__Aim of the exercise__
Nothing should differ. Repeat every record as written.

[Records drawn from a dataset]
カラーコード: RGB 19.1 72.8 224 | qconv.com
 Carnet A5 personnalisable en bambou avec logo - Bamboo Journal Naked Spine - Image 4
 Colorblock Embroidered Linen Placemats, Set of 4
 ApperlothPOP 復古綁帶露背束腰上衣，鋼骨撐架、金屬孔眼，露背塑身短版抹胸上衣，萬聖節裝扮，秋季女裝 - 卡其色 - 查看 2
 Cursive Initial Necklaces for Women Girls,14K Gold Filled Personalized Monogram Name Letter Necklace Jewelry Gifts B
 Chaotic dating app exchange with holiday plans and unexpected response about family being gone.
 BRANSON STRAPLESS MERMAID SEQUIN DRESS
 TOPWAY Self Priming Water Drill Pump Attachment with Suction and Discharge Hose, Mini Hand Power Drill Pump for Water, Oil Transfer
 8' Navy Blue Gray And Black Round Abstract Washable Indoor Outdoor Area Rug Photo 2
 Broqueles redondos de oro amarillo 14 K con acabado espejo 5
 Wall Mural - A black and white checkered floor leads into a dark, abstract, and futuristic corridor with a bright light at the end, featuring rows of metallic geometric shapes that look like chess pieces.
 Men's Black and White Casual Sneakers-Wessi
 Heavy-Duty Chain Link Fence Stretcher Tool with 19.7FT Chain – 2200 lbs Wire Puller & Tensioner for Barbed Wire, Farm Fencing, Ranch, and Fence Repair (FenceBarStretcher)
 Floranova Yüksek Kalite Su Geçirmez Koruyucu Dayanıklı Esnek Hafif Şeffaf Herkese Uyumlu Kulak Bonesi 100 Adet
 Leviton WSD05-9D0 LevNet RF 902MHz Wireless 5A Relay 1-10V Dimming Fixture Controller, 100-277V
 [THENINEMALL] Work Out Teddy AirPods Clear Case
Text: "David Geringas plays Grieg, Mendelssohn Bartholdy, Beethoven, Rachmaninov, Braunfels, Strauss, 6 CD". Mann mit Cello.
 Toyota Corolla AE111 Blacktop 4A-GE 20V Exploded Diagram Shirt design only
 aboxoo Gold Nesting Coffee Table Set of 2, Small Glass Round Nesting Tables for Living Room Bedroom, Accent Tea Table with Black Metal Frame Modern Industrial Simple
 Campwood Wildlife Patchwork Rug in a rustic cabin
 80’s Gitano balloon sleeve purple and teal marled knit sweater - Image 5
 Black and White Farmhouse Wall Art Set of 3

__Reply to the task__
カラーコード: RGB 19.1 72.8 224 | qconv.com
 Carnet A5 personnalisable en bambou avec logo - Bamboo Journal Naked Spine - Image 4
 Colorblock Embroidered Linen Placemats, Set of 4
 ApperlothPOP 復古綁帶露背束腰上衣，鋼骨撐架、金屬孔眼，露背塑身短版抹胸上衣，萬聖節裝扮，秋季女裝 - 卡其色 - 查看 2
 Cursive Initial Necklaces for Women Girls,14K Gold Filled Personalized Monogram Name Letter Necklace Jewelry Gifts B
 Chaotic dating app exchange with holiday plans and unexpected response about family being gone.
 BRANSON STRAPLESS MERMAID SEQUIN DRESS
 TOPWAY Self Priming Water Drill Pump Attachment with Suction and Discharge Hose, Mini Hand Power Drill Pump for Water, Oil Transfer
 8' Navy Blue Gray And Black Round Abstract Washable Indoor Outdoor Area Rug Photo 2
 Broqueles redondos de oro amarillo 14 K con acabado espejo 5
 Wall Mural - A black and white checkered floor leads into a dark, abstract, and futuristic corridor with a bright light at the end, featuring rows of metallic geometric shapes that look like chess pieces.
 Men's Black and White Casual Sneakers-Wessi
 Heavy-Duty Chain Link Fence Stretcher Tool with 19.7FT Chain – 2200 lbs Wire Puller & Tensioner for Barbed Wire, Farm Fencing, Ranch, and Fence Repair (FenceBarStretcher)
 Floranova Yüksek Kalite Su Geçirmez Koruyucu Dayanıklı Esnek Hafif Şeffaf Herkese Uyumlu Kulak Bonesi 100 Adet
 Leviton WSD05-9D0 LevNet RF 902MHz Wireless 5A Relay 1-10V Dimming Fixture Controller, 100-277V
 [THENINEMALL] Work Out Teddy AirPods Clear Case
Text: "David Geringas plays Grieg, Mendelssohn Bartholdy, Beethoven, Rachmaninov, Braunfels, Strauss, 6 CD". Mann mit Cello.
 Toyota Corolla AE111 Blacktop 4A-GE 20V Exploded Diagram Shirt design only
 aboxoo Gold Nesting Coffee Table Set of 2, Small Glass Round Nesting Tables for Living Room Bedroom, Accent Tea Table with Black Metal Frame Modern Industrial Simple
 Campwood Wildlife Patchwork Rug in a rustic cabin
 80’s Gitano balloon sleeve purple and teal marled knit sweater - Image 5
 Black and White Farmhouse Wall Art Set of 3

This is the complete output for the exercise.